An explanatory statement said the purpose of allowing evidence of an alleged victim to be recorded in court was to “reduce the risk of re-traumatising a vulnerable witness … if the witness consents to this process” should their evidence be needed again in a retrial.

But the issue of consent was raised by multiple stakeholders during the consultation process.

In its submission, the DPP was concerned about potential failures to seek recording consent, when the consent would be sought, whether consent needed to be sought for the recording to be replayed, and implications if consent was denied and then the witness became unavailable.

“[There’s] a significant risk of error in failing to seek such consent prior to recording it, which could effectively punish the complainant by excluding the prosecution’s ability to rely on that evidence for a subsequent proceeding, thus inadvertently forcing an [alleged] sexual assault complainant back into the witness box,” it wrote.
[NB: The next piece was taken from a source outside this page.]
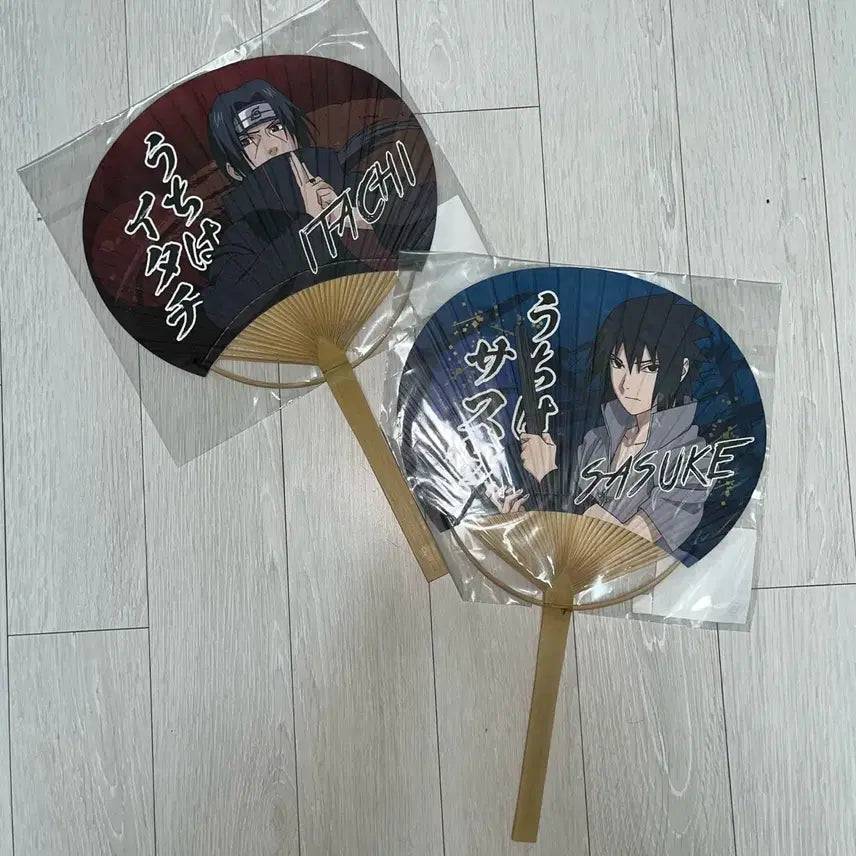 [BUNJANG] Naruto Uchiha Sasuke Itachi Fan Keychain Plush Set / 나루토 우치하 사스케 이타치 부채 키링 인형 세트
“A psychologically traumatised complainant may not wish for their evidence to be recorded due to the emotional trauma of the event, or a lack of appreciation of the prospects of a discharged jury or successful appeal at a first trial, but if the matter is overturned on appeal or a jury is discharged, the complainant may subsequently change their mind and wish for [the recording] to be played instead of giving evidence afresh.”

The ACT Law Society said it considered it “imperative” that “express, clear consent” be given by a witness before their evidence could be recorded.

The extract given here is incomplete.